Catch up: This Is Us S2, Inside the American Embassy, The Magicians S3
Ivan Radford | On 08, Jul 2018Reading time: 4 mins
This Is Us: Season 2 (All 4)
The USA’s most sentimental show returns for a second season, and it doesn’t waste time in stepping up the sugar levels. We rejoin the ensemble of heart-on-sleeve Americans as Randall and Beth contemplate the life-changing step of adopting a baby – something that Randall wants to do, after he was adopted himself, but Beth is dead against. Meanwhile, Kate is pushed to chase her dreams as a singer by Toby and Kevin, who argue over who gets to be her “person”. It’s a debate in which both parties are in the wrong, trying to assert their masculine roles in their relationships with her, and it’s typical of the series that it manages to both acknowledge that and sympathise with each. Nobody ever makes casual small talk in This Is Us, and it’s credit to both the writing and the cast that they manage to sell each emotional exchange with a sincerity that balances out the saccharine music and heavy subject matter. Just the sight of Kevin (Justin Hartley) walking around Hollywood lots with a terrible birthday cake is a gently moving and oddly amusing sight. By the time the shocking ending sets up this second season, your heart will already be fully warmed up for another ride.
Inside the American Embassy (All 4)
As the UK prepares for an official visit from Donald Trump, Channel 4 has found the perfect time to give us an insight into what it’s like behind the scenes of the Trump administration. Inside the American Embassy offers exactly that, as a camera crew get unprecedented access to the American embassy in London, just as the embassy prepares to move to its new million-pound site in the UK capital. The result is absolutely gripping TV, as we see the day-to-day consequences of Trump’s policies – the embassy is a US border on UK soil, and we see consular staff having to make the tough decisions on who should and shouldn’t be allowed to get a visa to visit the USA, following Trump’s extreme ban (something that’s outlined with a crudely un-detailed sheet of paper and only sparks stress on both sides of the counter). Equally riveting is watching Woody Johnson at work; the US ambassador (a post traditionally given to someone with limited political experience) has to navigate a hostile environment, smoothing over relations with UK officials following every Trump tweet and trying to gauge the public mood about a potential state visit in May.
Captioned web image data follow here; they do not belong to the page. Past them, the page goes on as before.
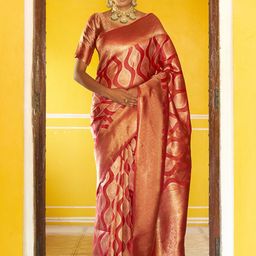 KALINI Woven Design Zari Organza Kanjeevaram Saree-45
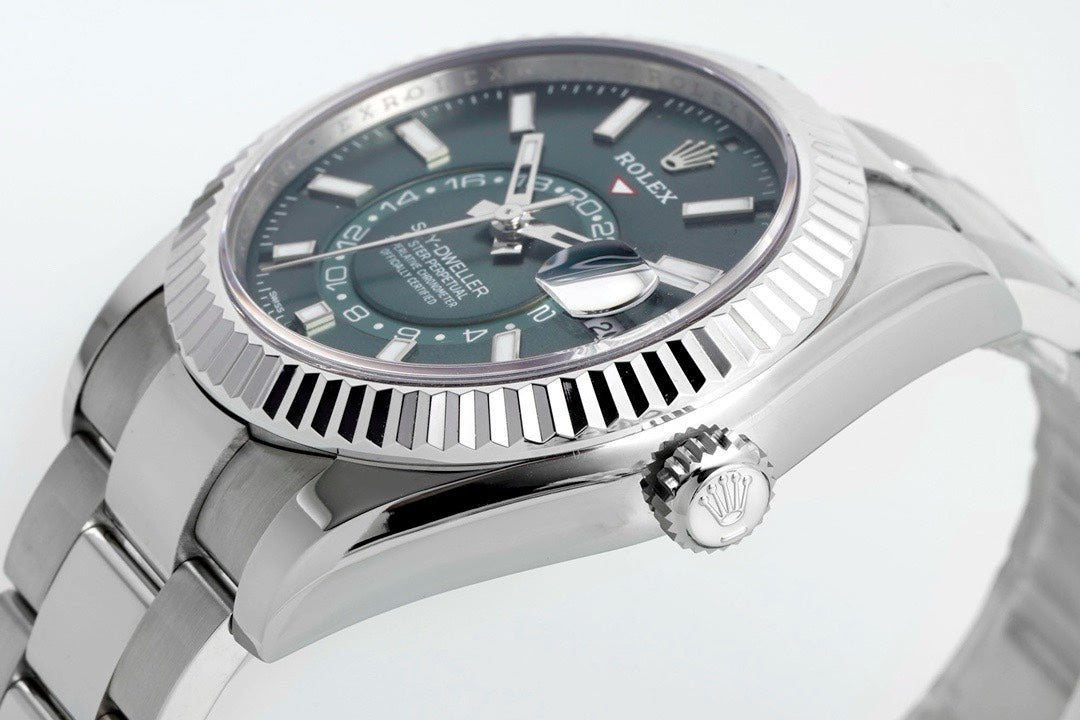 Rolex Sky‑Dweller Watch 42mm 904L Steel 9002 Automatic Movement Ring Command Bezel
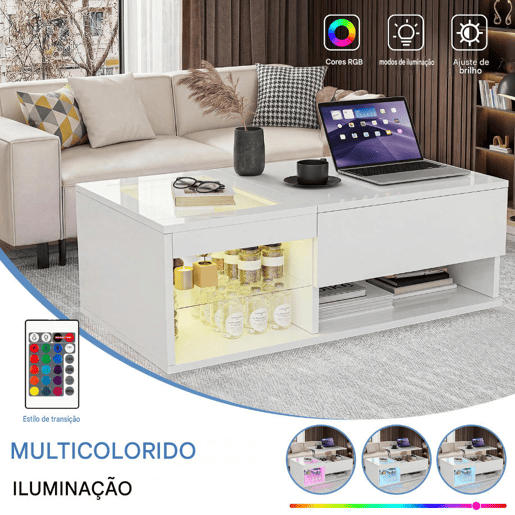 Mesa de centro de 100 cm com acabamento branco brilhante, iluminação LED, tampo em vidro transparente e duplo espaço de arrumação para sala de estar moderna Mesa de centro de 100 cm com acabamento branco brilhante, iluminação LED, tampo em vidro transparente e duplo espaço de arrumação para sala de estar moderna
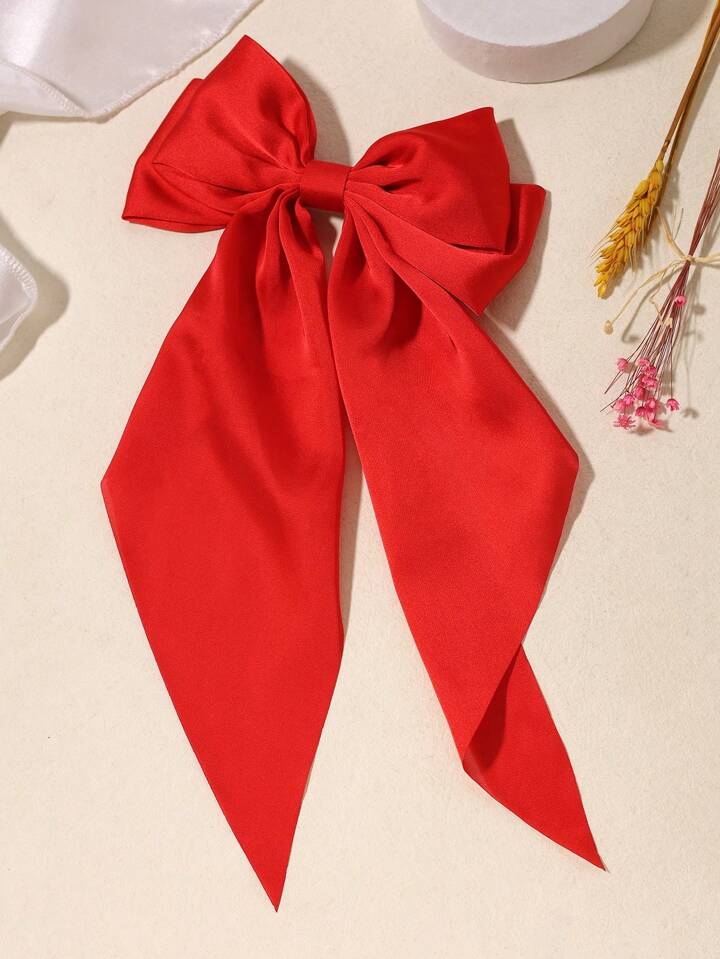 Long bow Alligator Clip Red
It was ultimately pushed back to July, which only makes this a more remarkably candid glimpse of bureaucracy in action during a time where nothing is certain and the “special relationship” is still being figured out by the leaders of each partner. (Here’s hoping for a bonus episode charting the embassy’s reaction to the Baby Trump balloon that is currently set to fly over the capital when Donald’s in town.)
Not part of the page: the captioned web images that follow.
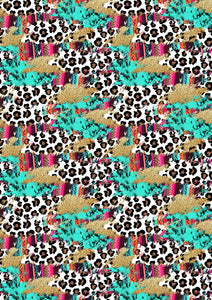 12" x 17" Zarape Cheetah Mix Leopard Serape Print Mexico Colorful Background Pattern HTV Sheet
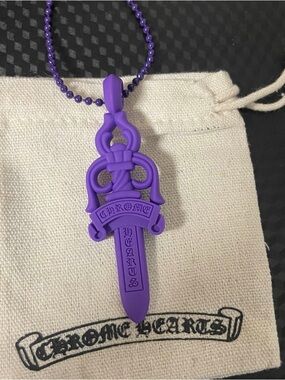 Chrome Hearts Kids Purple Sword Pendant Necklace on Ball Chain (BUDLE DEALS!)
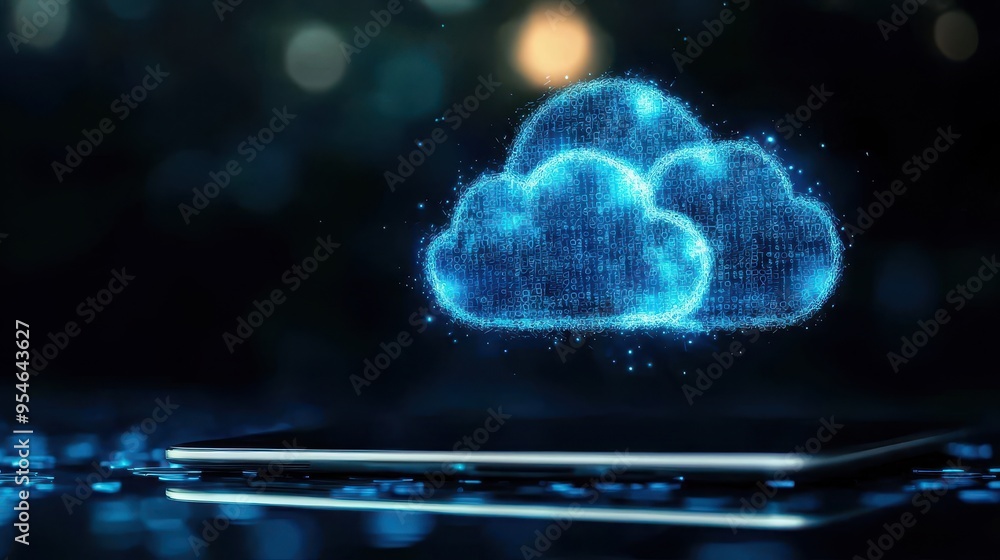Poster a futuristic cloud technology visualization over a smartphone, symbolizing data storage and connecti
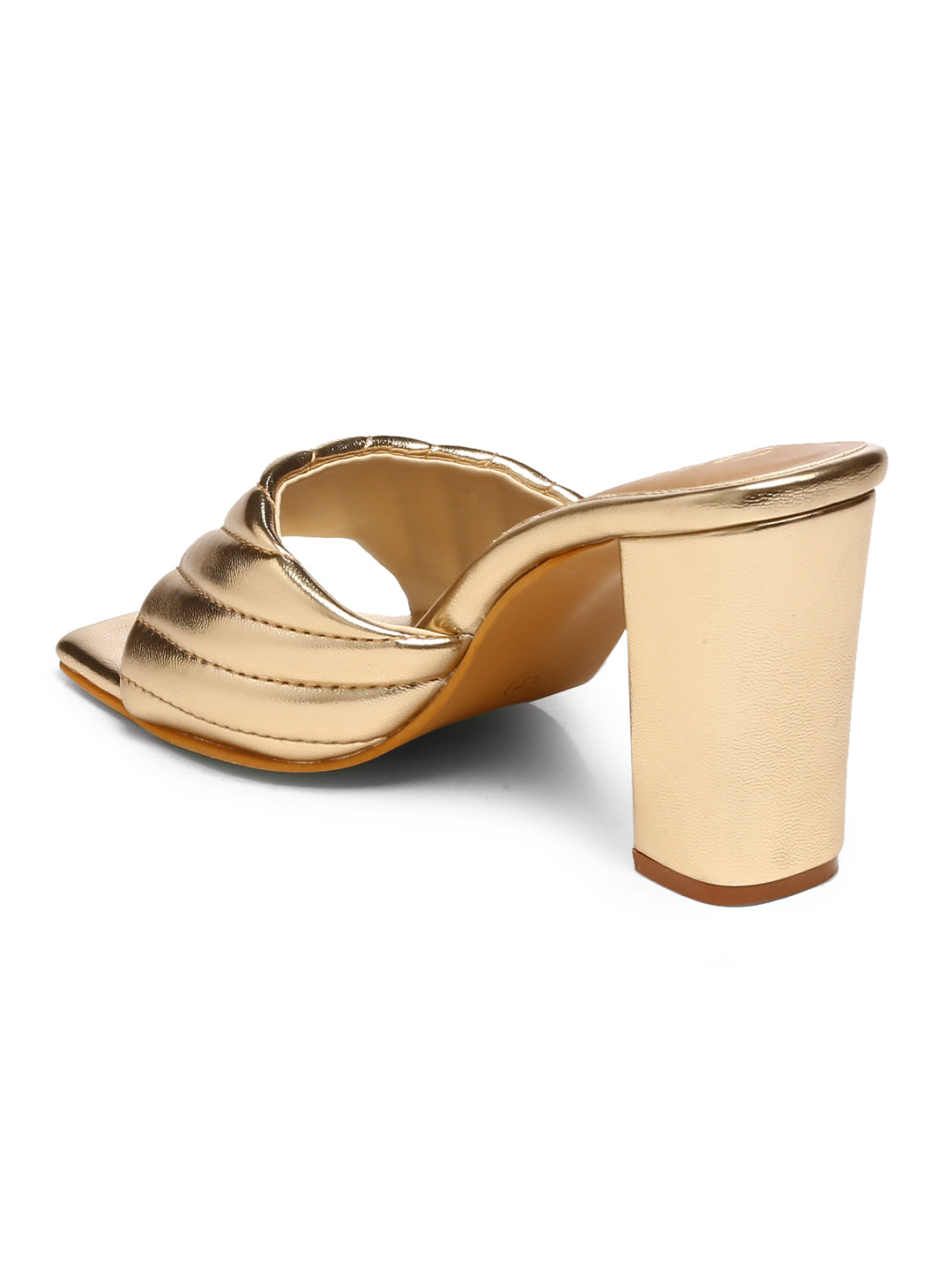 Gold mules 2025 block heel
The Magicians: Season 3 (My5)
The Magicians is back on our screens for a third run, and if you were impressed by the confident second season, you ain’t seen nothing yet. The show has always excelled because it grounds the fantastical with the real, and never lets anything magical happen without there being serious, real life consequences. That rule hit new heights with the climax of Season 2, which saw Quentin kill Ember, God of Fillory, to save the universe from destruction. The price? The complete eradication of magic, not only from Fillory but from Earth too. The idea of The Magicians without magic should be laughable, dull and pointless, and so it’s to the show’s credit that it still manages to intrigue, surprise and – most of all – entertain.
That’s partly because we have the curious fact of Julia being able to do some form of spell, as they team up to try and get Bacchus to help them. The only problem? He gets bored if he isn’t partying, so they have to down shots and perform a genuinely terrible 10th grade dance to get into his crib. Alice and Penny have their own promising strands to follow. Eliot, meanwhile, is facing war with the Faeries, but not before he’s distracted by The Great Cock in the woods (a peacock, that is) and ends up on a library-related quest that promises to bring a lot of characters’ threads together. And, in the middle of it all, there’s still the time for a standout exchange between Eliot and Margo, who realise the Faery Queen is spying on them and immediately switch into pop culture speak to communicate in code – dropping in references t everything from Battlestar Galactica to Buffy and Gossip Girl. What a delight.